# can't purchase my windows



## tcp1973 (Sep 15, 2009)

i had a company come and install thermalmaxx windows on the front of my house 2 years ago. they scammed me into thinking i was getting a good deal by becoming a feature house in my area.  i now would like to replace the rest of my windows in my house but i would like to do it myself instead of paying someone 800 dollars a window to do it.  the company that installed them says they wont just sell me windows, they have to install them too.  the same goes for home depot with their simonton line.  

is there a way to get these windows without going through a contractor? i can't seem to find anything in stores with similar quality and style to the ones i already have.  or does anyone know of a different brand that may be similar to the above two that i can purchase and install myself?  

thanks in advance
Travis


----------



## mudmixer (Sep 15, 2009)

Since over 65% or the windows are installed improperly, it is not surprising that some people try to exercise control and limit liability. Some G.C. will not have their own carpenters install windows and exterior doors, but chose to have them installed by a certified window installer. This has been cause by the number of past claims/loses that have been decided by the courts or insurance companies. Moisture and mold problems get very expensive when they finally get discovered.

Some manufacturers do not want to get involved in disputes over just to sell a window or two and want to control the use including installation.

Your case seems to be a little bit of a sham, but you can always hunt elsewhere for some similar.


----------



## oldognewtrick (Sep 15, 2009)

Travis, look in the yellow pages for window supplier/MFG or try going to a siding supply house. As mudmixer stated there's more to installing a window than pulling one out and sticking another in. 800.00 an opening seems pretty pricey though. I didn't know Home Depot wouldn't sell just windows.


----------



## tcp1973 (Sep 15, 2009)

my father in law installed the windows in his house and i also have a general contractor for a cousin so i think i'm good on the installing portion.  it is just finding the right window and being able to purchase it that's proving to be difficult.  

thanks for the ideas, home depot does sell windows, but the simonton line they have is exclusive to the home services division so they only sell them if they get to install them too.

i just don't understand why i cant buy the window i want. i get the whole liability thing but if you aren't a certified window installer don't you void any warranty on the window anyways?  i'm pretty confident i can get the job done decent enough so i am not worried about a warranty.  it's just a hassle


----------



## oldognewtrick (Sep 17, 2009)

ABC Roofing supply sells Simenton windows , Minneapolis, Savage, Sauk Rapids, St.Paul, Oronoco are a few of their locations. I don't know if you are close to any of these stores. But they do handle Simenton. 

Hope this helps.


----------



## mudmixer (Sep 17, 2009)

tcp -

Fathers and cousins are the reason so many (60%+) windows are installed improperly. Some GC's are smart enough to know and do not use their carpenters to install windows. They learned after the mold and moisture insurance claims and law suits they lost - they use certified installers (only a 2 day course that is an eye opener to most people taking it) to reduce the liability.

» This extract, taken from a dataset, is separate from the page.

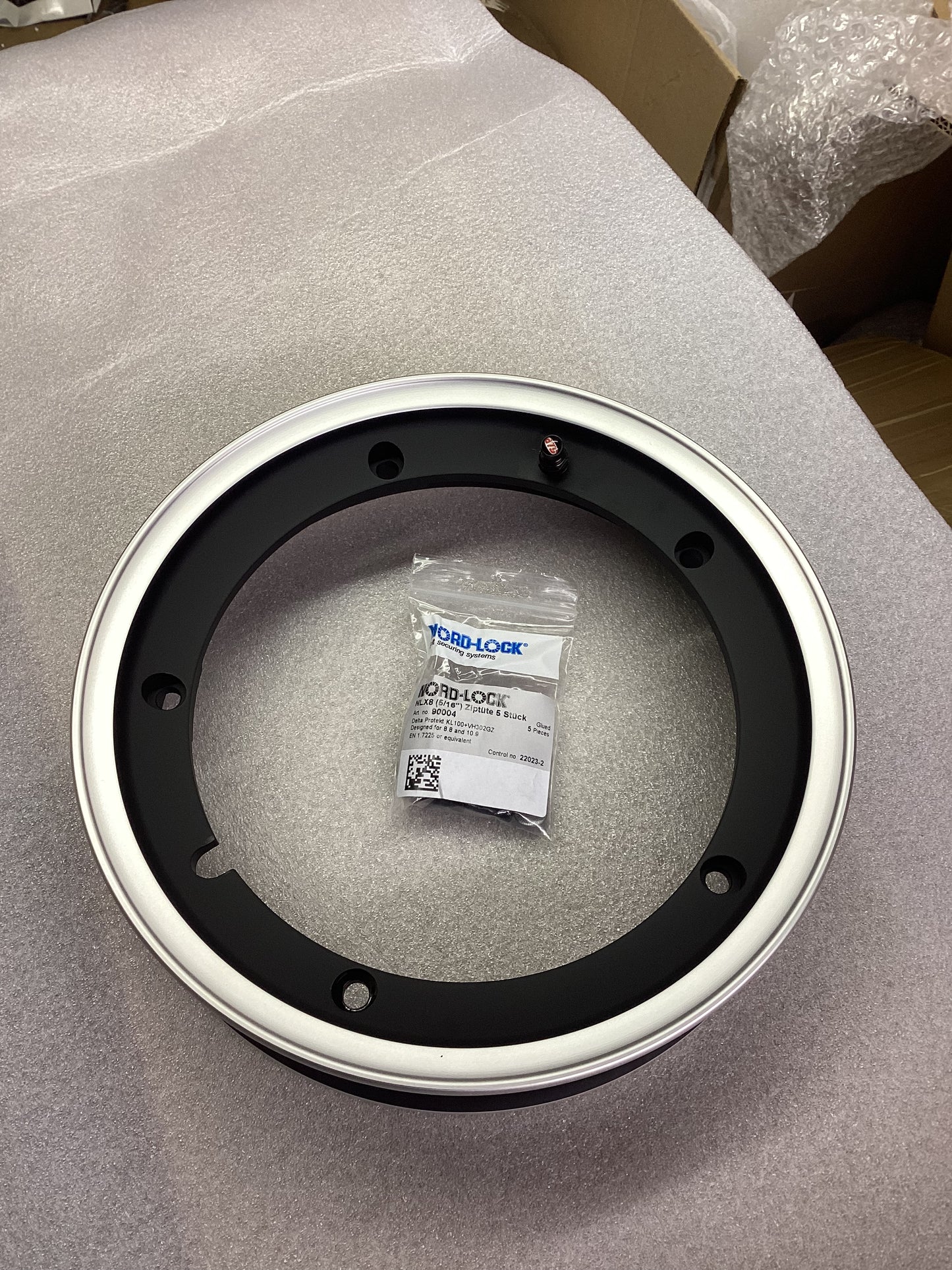 Vespa SIP Tubeless Rim Black With Silver Edge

If you are going to in the house for only few years you can get by.


----------



## dakuda (Sep 17, 2009)

I have never heard of someone tying the install into the purchase of a particular window.


----------



## inspectorD (Sep 17, 2009)

Become a contractor so you can install your own windows.
Open an account with ABC ( they sell wholesale only) 
Or go to a local lumberyard ...not the box stores. They sell to everyone...old school.


----------